Lula recebeu o diagnóstico de câncer na laringe com o susto de quem já sofreu com essa doença na família. Sua mãe, dona Lindu, morreu em um hospital público com câncer de útero. Em junho, a irmã mais velha de Lula, Marinete, morreu de câncer no pulmão. Um de seus irmãos, Jaime, teve um tumor na laringe semelhante ao que o ex-presidente enfrenta agora e curou-se. O médico que tratou Jaime faz parte da equipe que cuidará do ex-presidente. É o oncologista Luiz Paulo Kowalski. Para Kalil, esse passado famíliar pode, sim, ter influenciado no desenvolvimento da doença.

Os médicos não garantiram a permanência da cabeleira ou da barba durante o tratamento contra o câncer, mas asseguraram a Lula que, pelo menos até agora, a doença não dá sinais de que vá afetar sua voz. Mas o diagnóstico caiu como uma bomba, e o ex-presidente chegou a levar broncas de Marisa e do cardiologista por ter demorado a fazer um check-up.

- Dona Marisa está tranquila, ela é o braço forte. Quem manda é ela, e acabou - disse o médico.

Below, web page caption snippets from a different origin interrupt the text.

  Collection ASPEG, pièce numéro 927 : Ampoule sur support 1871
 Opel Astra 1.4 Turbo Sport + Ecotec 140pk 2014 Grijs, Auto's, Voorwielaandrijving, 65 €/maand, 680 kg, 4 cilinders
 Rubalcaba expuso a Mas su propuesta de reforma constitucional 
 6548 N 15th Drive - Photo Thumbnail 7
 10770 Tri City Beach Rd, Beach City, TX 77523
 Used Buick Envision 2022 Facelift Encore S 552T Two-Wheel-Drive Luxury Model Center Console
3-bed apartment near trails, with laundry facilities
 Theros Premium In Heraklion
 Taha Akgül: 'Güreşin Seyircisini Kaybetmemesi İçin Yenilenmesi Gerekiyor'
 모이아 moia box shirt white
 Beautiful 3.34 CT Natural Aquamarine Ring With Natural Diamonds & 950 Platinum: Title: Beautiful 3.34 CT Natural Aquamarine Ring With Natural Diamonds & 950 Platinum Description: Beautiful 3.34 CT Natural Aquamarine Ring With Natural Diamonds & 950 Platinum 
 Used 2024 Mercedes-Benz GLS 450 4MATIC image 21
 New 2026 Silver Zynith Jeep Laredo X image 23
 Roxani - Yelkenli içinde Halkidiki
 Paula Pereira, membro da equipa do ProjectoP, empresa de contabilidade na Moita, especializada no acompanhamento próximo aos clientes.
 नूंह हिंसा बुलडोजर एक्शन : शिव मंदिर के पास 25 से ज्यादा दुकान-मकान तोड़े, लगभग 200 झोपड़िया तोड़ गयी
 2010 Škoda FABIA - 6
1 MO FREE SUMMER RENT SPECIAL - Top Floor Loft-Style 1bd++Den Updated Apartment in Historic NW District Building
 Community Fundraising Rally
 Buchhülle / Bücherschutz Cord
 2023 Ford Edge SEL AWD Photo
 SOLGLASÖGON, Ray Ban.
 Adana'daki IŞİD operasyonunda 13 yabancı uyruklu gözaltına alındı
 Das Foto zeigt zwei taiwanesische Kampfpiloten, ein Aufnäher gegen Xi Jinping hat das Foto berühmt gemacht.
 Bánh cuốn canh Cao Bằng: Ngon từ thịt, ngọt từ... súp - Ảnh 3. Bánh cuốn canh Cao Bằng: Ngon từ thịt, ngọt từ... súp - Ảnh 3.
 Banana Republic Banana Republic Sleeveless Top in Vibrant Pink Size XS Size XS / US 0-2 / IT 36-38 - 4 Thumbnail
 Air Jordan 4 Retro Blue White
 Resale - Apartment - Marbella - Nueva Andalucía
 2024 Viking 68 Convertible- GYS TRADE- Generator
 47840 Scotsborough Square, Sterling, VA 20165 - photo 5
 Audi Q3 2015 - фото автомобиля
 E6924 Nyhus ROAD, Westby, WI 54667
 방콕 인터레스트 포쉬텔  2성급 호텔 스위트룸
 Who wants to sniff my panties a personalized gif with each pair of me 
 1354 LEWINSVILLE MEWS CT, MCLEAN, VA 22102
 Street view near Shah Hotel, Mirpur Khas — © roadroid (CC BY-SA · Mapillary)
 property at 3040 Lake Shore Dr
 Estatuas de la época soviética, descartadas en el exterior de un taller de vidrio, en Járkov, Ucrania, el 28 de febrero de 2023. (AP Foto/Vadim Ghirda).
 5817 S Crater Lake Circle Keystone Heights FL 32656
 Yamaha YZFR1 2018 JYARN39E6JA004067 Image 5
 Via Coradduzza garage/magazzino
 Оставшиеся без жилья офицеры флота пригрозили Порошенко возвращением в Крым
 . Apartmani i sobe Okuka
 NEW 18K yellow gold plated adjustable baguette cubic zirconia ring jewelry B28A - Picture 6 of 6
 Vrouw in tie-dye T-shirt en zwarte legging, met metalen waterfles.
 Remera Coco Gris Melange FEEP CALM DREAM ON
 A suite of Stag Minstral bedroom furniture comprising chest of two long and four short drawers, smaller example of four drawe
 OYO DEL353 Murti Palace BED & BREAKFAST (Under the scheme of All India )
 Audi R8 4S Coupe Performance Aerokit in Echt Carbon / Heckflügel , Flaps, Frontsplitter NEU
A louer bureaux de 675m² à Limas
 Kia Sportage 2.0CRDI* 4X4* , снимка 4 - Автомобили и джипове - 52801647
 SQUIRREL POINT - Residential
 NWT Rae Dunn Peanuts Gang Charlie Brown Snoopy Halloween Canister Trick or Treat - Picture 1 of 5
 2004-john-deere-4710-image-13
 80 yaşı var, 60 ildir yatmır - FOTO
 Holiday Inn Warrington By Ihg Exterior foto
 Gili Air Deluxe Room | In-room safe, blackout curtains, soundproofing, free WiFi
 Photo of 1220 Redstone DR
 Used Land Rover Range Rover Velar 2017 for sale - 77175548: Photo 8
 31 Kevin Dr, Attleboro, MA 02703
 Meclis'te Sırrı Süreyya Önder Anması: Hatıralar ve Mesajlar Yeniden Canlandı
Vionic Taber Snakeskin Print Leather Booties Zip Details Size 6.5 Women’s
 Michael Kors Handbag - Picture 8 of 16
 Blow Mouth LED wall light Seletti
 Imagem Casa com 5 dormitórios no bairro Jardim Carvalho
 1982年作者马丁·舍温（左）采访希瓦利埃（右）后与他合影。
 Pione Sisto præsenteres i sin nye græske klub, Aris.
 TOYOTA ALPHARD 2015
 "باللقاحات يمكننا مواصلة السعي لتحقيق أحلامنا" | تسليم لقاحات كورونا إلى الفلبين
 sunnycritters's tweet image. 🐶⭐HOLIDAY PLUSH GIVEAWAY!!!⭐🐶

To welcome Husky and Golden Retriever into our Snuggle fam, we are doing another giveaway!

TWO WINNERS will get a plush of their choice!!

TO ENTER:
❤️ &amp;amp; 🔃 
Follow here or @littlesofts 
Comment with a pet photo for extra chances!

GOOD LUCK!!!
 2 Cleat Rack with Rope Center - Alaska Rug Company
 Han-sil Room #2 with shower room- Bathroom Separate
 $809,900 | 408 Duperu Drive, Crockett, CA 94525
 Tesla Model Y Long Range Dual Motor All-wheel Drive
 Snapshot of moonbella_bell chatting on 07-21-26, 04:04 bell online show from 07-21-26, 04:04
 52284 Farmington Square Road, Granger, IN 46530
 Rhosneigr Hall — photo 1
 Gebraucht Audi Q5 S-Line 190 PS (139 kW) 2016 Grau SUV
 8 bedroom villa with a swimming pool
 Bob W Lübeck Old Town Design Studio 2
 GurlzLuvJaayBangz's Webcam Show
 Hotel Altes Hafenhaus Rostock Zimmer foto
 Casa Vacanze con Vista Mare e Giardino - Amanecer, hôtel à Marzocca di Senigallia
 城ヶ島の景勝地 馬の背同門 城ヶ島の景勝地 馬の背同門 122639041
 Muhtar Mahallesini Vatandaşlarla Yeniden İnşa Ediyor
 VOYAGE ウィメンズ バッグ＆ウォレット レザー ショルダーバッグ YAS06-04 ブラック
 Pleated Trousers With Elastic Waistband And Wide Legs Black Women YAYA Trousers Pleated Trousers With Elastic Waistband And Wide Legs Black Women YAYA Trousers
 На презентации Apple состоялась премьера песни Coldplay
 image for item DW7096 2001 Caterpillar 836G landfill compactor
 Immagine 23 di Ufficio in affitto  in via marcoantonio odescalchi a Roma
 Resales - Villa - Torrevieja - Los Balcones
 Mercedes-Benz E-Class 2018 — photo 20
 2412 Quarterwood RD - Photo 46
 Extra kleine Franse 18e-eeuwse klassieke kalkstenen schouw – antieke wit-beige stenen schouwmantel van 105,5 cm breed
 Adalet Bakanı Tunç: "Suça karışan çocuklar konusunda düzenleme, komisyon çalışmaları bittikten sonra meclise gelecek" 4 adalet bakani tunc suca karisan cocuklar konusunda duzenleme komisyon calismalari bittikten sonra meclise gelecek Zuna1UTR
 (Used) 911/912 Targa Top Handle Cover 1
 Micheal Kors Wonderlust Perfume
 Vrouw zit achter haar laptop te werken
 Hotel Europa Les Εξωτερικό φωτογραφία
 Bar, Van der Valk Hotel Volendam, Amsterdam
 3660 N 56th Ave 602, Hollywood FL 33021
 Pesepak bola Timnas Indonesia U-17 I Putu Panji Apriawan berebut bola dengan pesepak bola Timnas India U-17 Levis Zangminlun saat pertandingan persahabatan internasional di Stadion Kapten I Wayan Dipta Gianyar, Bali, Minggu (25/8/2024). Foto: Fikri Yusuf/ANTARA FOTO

Ontem, amigos que participaram da festa de aniversário de Lula tentavam lembrar se o ex-presidente estava mais rouco do que o habitual. Concluíram que a rouquidão o incomodava mais do que a percepção podia alcançar. Líderes petistas decidiram deixar que Lula descansasse em casa apenas com a família, sem falar muito, já que a biopsia feita anteontem prejudicou ainda mais sua voz.

Amigo de Lula há mais de 40 anos, o deputado Devanir Ribeiro (PT-SP) contou ter conversado com a família pelo telefone, mas evitou falar com Lula para poupá-lo. Ele se lembrou dos parentes que Lula já perdeu para o câncer, mas afirmou que "no Brasil, não há família que não tenha uma pessoa com a doença".

- Acho que ele é forte. Lula encara a vida como ela é. Está cercado de bons médicos e deverá fazer como Dilma, que encarou a doença com tranquilidade, e como Alencar, que enfrentou tudo com coragem.